It’s perhaps the trickiest phrase (at least language-wise) in the Lord’s Prayer:
τὸν ἄρτον ἡμῶν τὸν ἐπιούσιον δὸς ἡμῖν σήμερον (Mt 6:11.)
And what on earth does ἐπιούσιον mean? It’s not at all helped by the fact that this word only turns up in texts here, and then in commentaries on this text by later Greek-writing authors. That’s not to say that Jesus or the gospel writers coined it, just that here’s the first and really only place it’s used as an adjective.
The commentators offer up three main positions:
- That it forms from ἐπί + οὐσία, very woodenly ‘upon’ + ‘substance’. That’s where Latin versions ended up with supersubstantialem which is at least equally, if not more, opaque, and very liable to heading down a transubstantion line of thinking. But more concretely it would/could still mean “for [our] subsistence”

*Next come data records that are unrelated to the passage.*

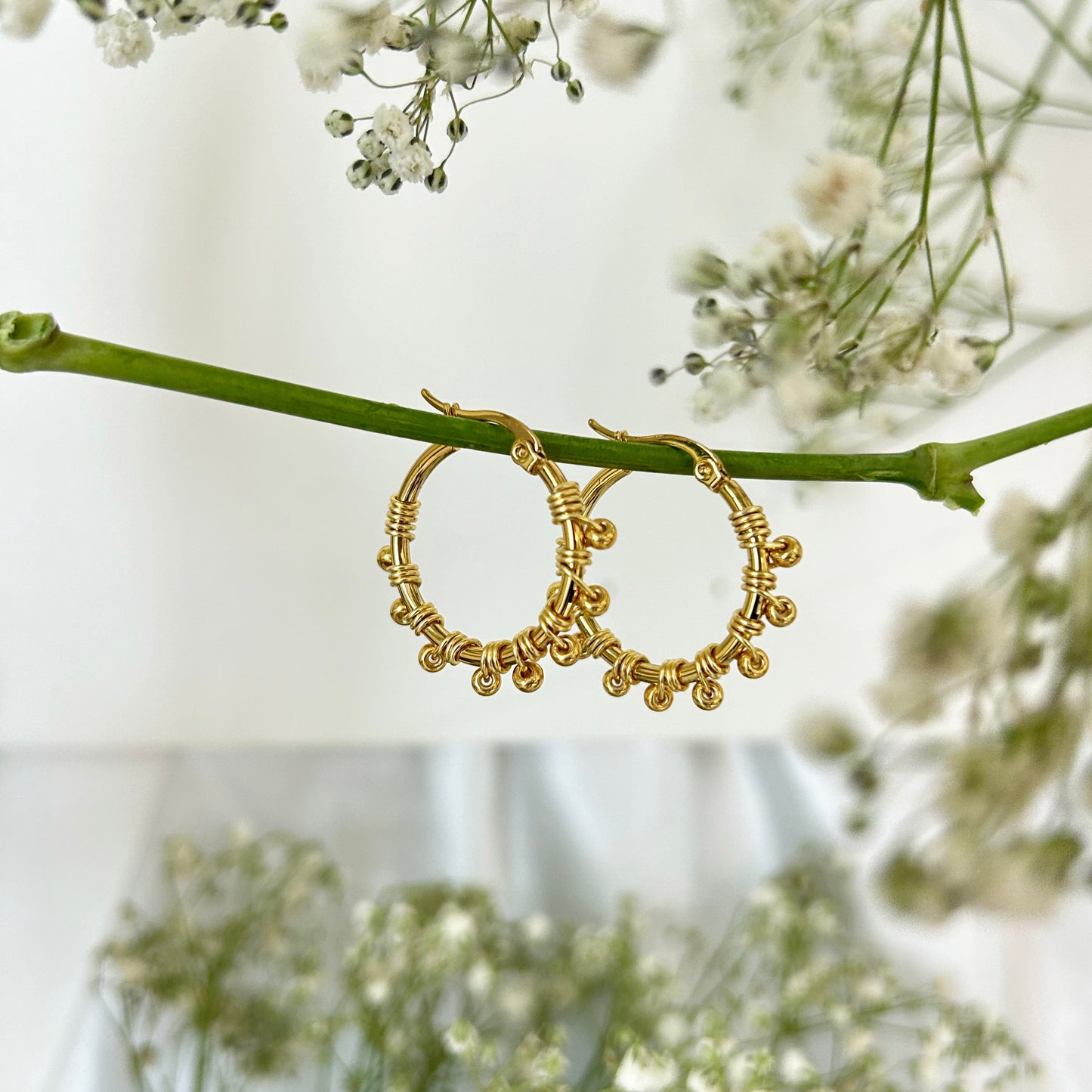 Aura Hoops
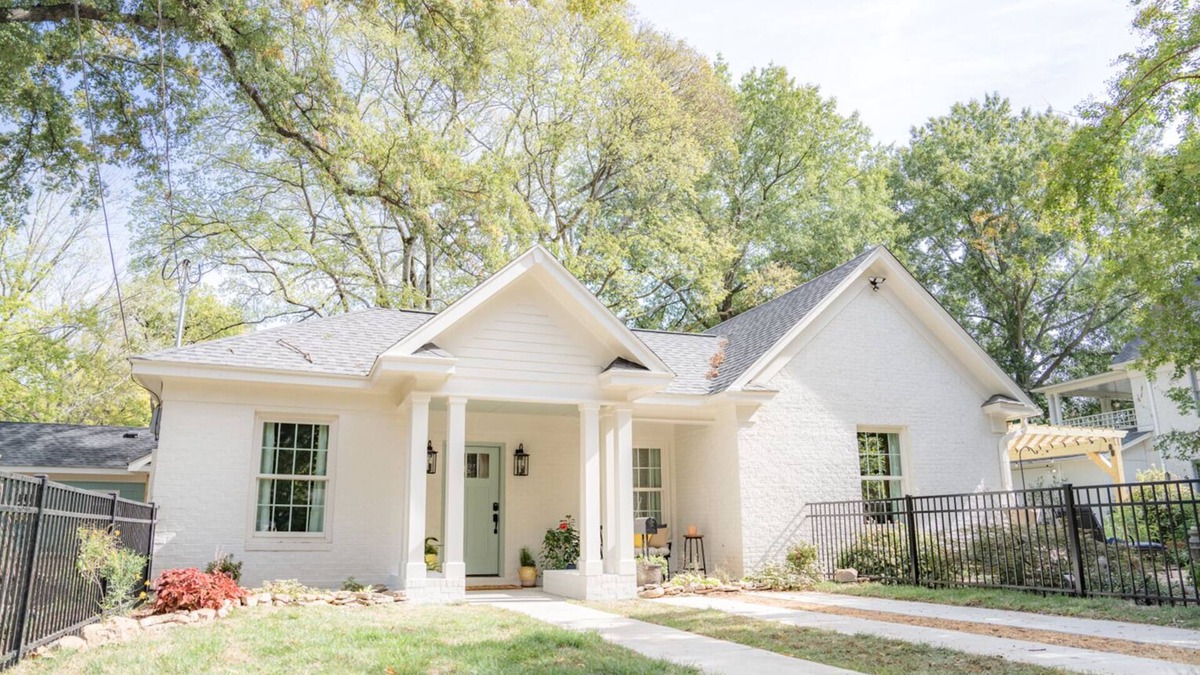 Conway Apartment | The Artist's Cottage: workspace & studio apt for artists/dancers/writers/etc.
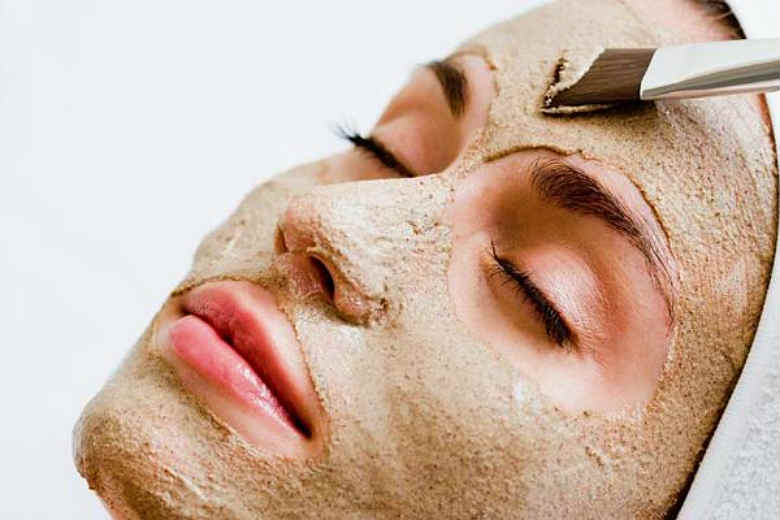 5 Homemade Skin Tightening Face Packs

- That it comes from ἐπί + οὖσα (εἶναι “to be”), with ‘day’ understood. That it, it’s bread “for the day that is”, from which we get the regular translation “today’s bread”.
- That it comes from ἐπί + οὖσα but from “to go” (ἰέναι) rather than “to be”, again with ‘day’ understood. So then it’s ‘the day that is coming’.
That third usage is found with the participle ἐπιούση which is found in Acts 7.26, 16.11, 20.15, and 21.18, in all four instances referring to the oncoming day (with the word ‘day’ omitted in three of these four instances). It’s very difficult though to decide on strict language grounds which of these explanations is the best for the situation, although on semantic grounds they tend to converge in meaning and seem to be borne out by, e.g. Syriac and Latin (just not Jerome) translations.
Whether ἐπιούση would refer to tomorrow or today of course depends on when you say it – in the evening or night, or even morning, it likely refers to the coming day; in the daytime itself, to the following day. In either case though we are talking about a socio-historical setting in which material needs and the provision of food generally took place on a day-to-day basis, so that getting the oncoming day’s food is a pressing concern. Hence my suggestion for a slightly different translation, “bread for the oncoming day”, which sidesteps whether it’s today or tomorrow, but keeps the sense of immediate need for bread each day, day by day.
Thank you for the overview of possibilities and your thoughts on the semantics. “For the oncoming day…” I like that.